The mothership gathered the crashed saucer, then vanished

CLEVELAND, OH — A small flying saucer crash landed in Cleveland, Ohio, killing eighteen motorists and three pedestrians, and destroying the East 90th Street interstate overpass.

The saucer made its initial contact with Cleveland when it splashed down at a bend in the Cuyahoga River, running adjacent to the Marathon Petroleum Company. After skipping along the surface of the Cuyahoga, the craft took flight again, only to careen into into the overpass.

The saucer demolished the overpass and the cars present on it, though the craft itself sustained no visible damage. The craft slid to a stop fifty feet north of the overpass on East 90th Street.

Some drivers travelling north and south toward the overpass failed to notice that the overpass was missing and careened to the pavement below. Dozens of motorists abandoned their vehicles on the interstate and surrounding streets to capture the sight on their cell phones.

Within minutes of the crash, two extreme religious groups, located in the Cleveland metropolitan area, and known respectively as the StarGaze Gammas and the People of the Planets, descended on the area to claim the saucer as their own long-awaited mothercraft. 

While the members of each group chanted, sang, and danced, the ringleader of each group began searching the vessel for its door, pounding on the sides of the vessel, and urging the pilot to come out. 

An argument soon erupted between the leaders of the opposing groups. Insults and threats were exchanged, after which the two leaders began throwing punches at each other. Assault weapons, stun guns, tazers, knives, and chains were quickly drawn by both ringleaders and their followers and a general melee ensued.

Over a dozen patrol officers responded to the scene, in addition to several Ohio state troopers and members of the Cleveland field office of the FBI.

Six members of the groups were killed in the firefight that ensued between law enforcement and the group, in addition to the 31 killed in the earlier melee between the two groups. Only three members survived the melee and the shootout with police. They were arrested and are being held in the Cleveland city jail without bail.

Meanwhile, a group of about fifty patrol officers stood beside the saucer sharing opinions on what this event might or might not mean for the future of law enforcement pensions in Cleveland, as well as the implications for Cleveland’s Superbowl odds.

Several federal agencies, including the FBI, the Department of Homeland Security, and the Internal Revenue Service, wrested control of the scene from local law enforcement after an intense shouting match. Agent Stan Huber, of the Internal Revenue Service, declared the area to be a “scene of immense curiosity and uncertainty,” and that the flying saucer would be “required, under current intergalactic provisions, to show proof of insurance and submit the craft to an appraisal to determine rate of taxation.”

About a hundred fire fighters from eight stations across the Metro area blasted vehicles, pedestrians, and the alien craft with water.
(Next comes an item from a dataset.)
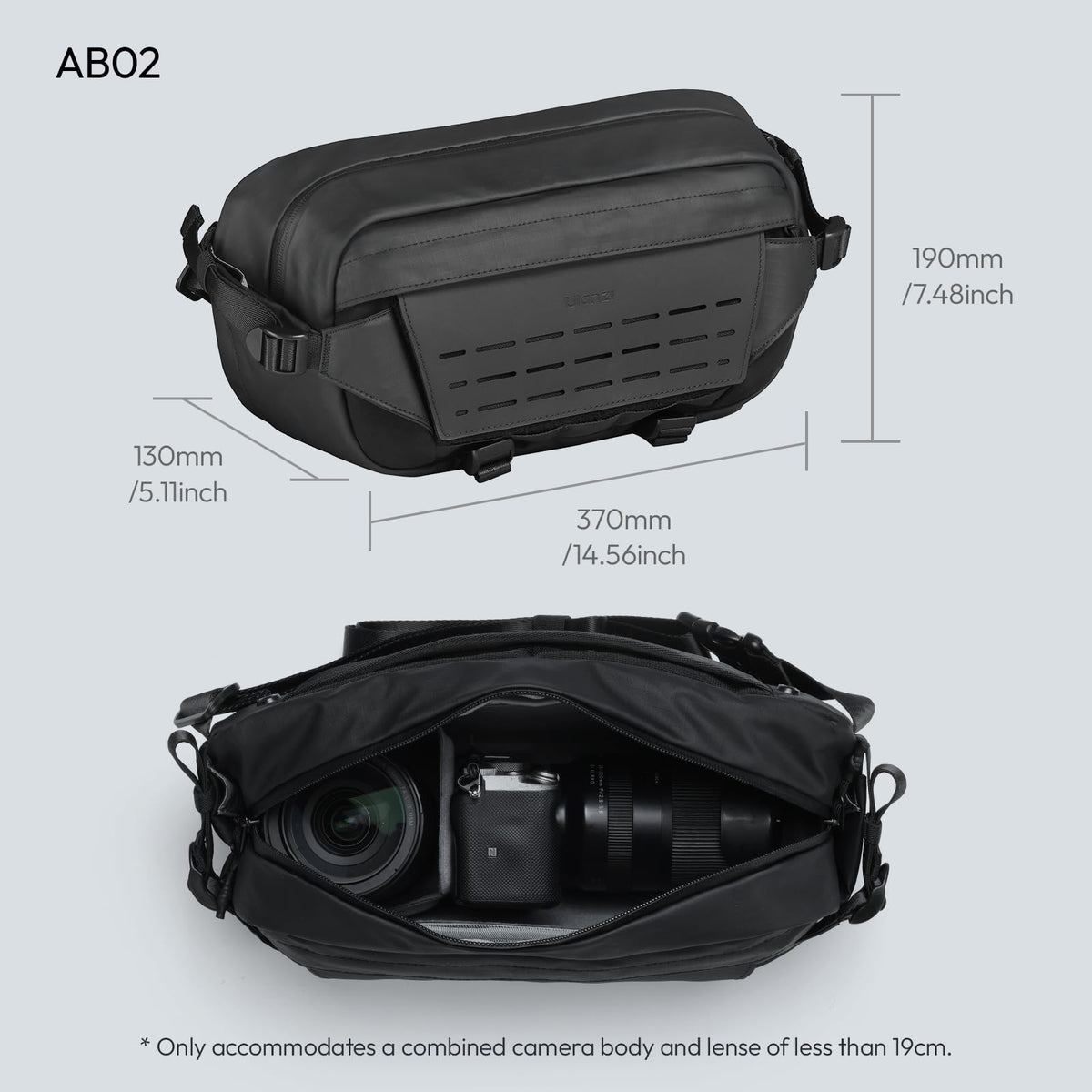 ULANZI AB02 Professional Camera Bag Sling 9L Capacity Black Case DEMO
A shimmering craft, appriximately 300 yards long and 75 yards wide, then appeared in the sky and hovered over the craft. Several onlookers opened fire on the craft and were immediately vaporized by it.
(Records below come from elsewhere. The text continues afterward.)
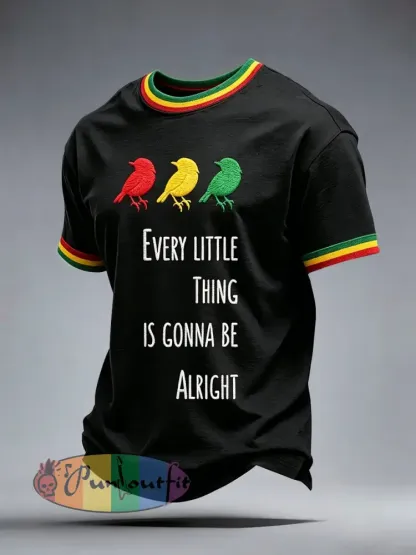 Men’s Reggae Music T-Shirt - Black · S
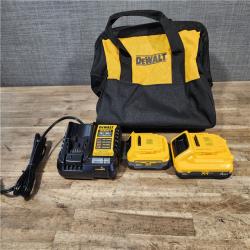 HOUSTON LOCATION - AS-IS DEWALT 2 TOOL COMBO KIT W/ (2) BATTERY & CHARGER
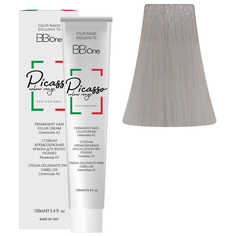 BB One Picasso Colour Range Перманентная крем-краска, 100 мл, 12.221 супер интенсивный пепельно-жемчужный блонд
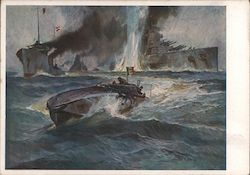 Glories of the Italian Navy: Sinking of the "Santo Stefano" Postcard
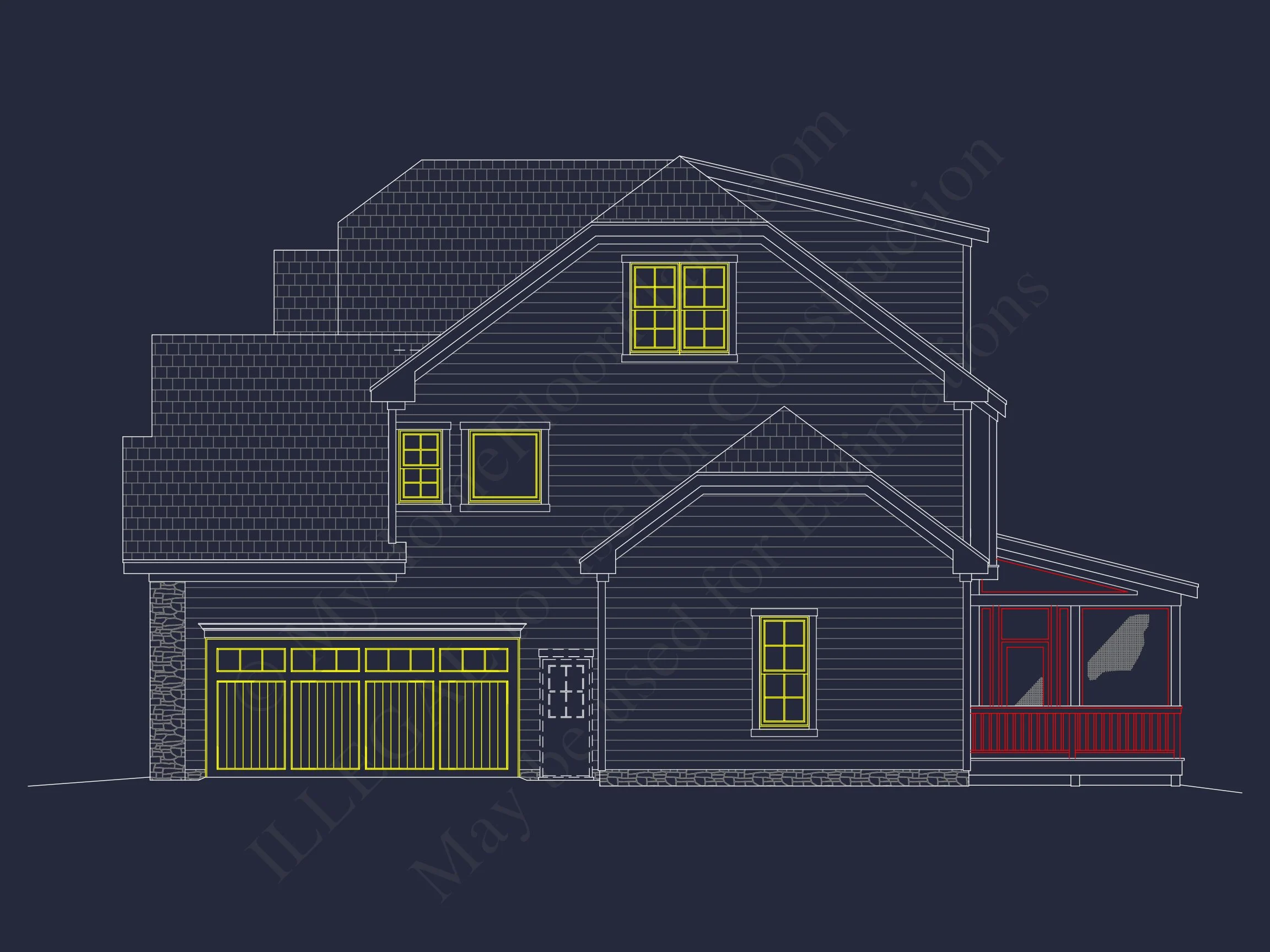 13-1985 HOUSE PLAN - Detailed House Plan Blueprint with Traditional Architecture 5 Detailed house Plan Blueprint with Traditional Architecture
A tractor beam issuing from the belly of the larger ship took possession of the smaller craft. Both ascended at a rapid rate, then disappeared with a blinding flash of light.
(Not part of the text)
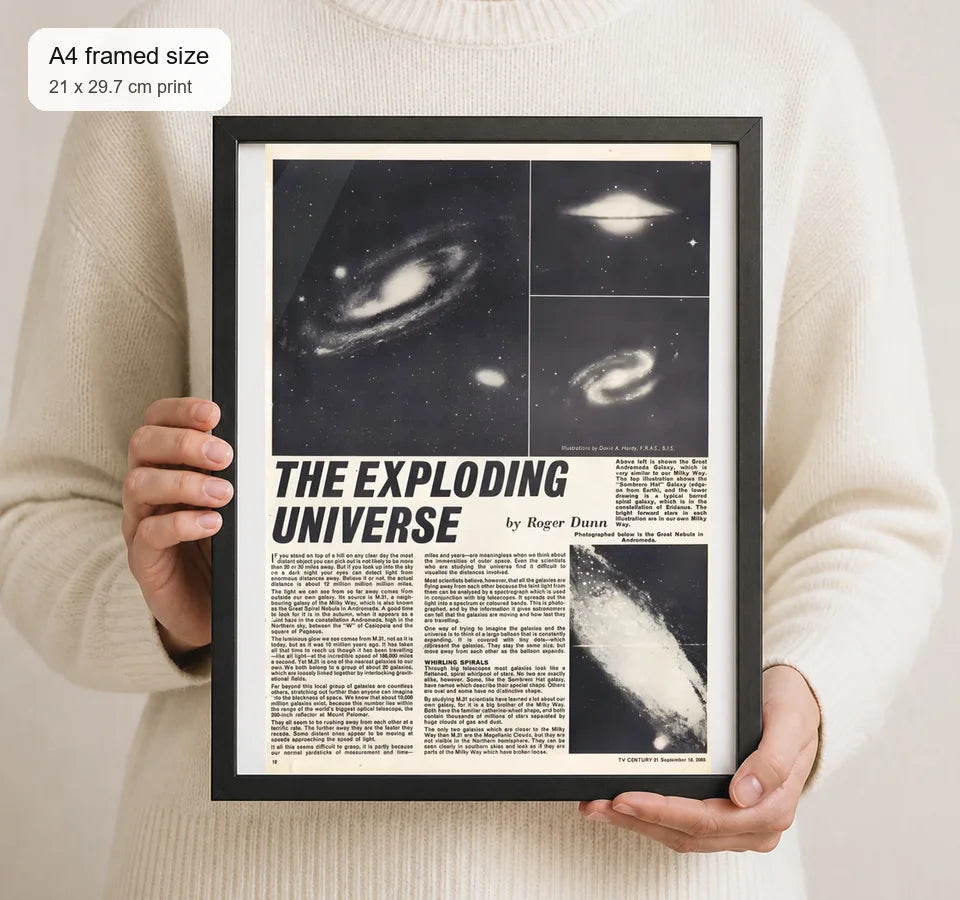 Size reference for A4 · Black Gallery Frame - gallery image 4 of 5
The Mayor of Cleveland, Justin Bibb, and the Governor of Ohio, Mike DeWine, who are sworn enemies and have made a blood pact to refuse direct communication with each other except in case of nuclear war or similar circumstances, called President Joseph R. Biden to urge him to make contact with the Intergalactic Department of Transportation’s (IDT) Adequate Passage Division (APD), which investigates all crashes of non-inhabitant planetary craft, in order to seek compensation for the damages the craft inflicted upon Cleveland.

The President told Governor DeWine that “If we are but that’s always and possibilities forthcoming forthwith a recalcitrance forth forthing with the fourth. We are in the middle of reparations of the kind we have been for the timing which, you know, is repairments able because of things. ”

Gov. DeWine then relayed the message to Mayor Bibb, who responded that “there’s no way that that’s what he said, you son of a bitch, it doesn’t make any sense, and I resent you lying to me on this serious matter.”

The Adequate Passage Division was unavailable for comment. All calls were forwarded to a voicemail box, which was full. The voicemail recording indicated that “The APD is unavailable for intergalactic accidents or other contingencies in the Polaris cluster, but please leave a straksbenarger and we will issue a reprimand forthwith.”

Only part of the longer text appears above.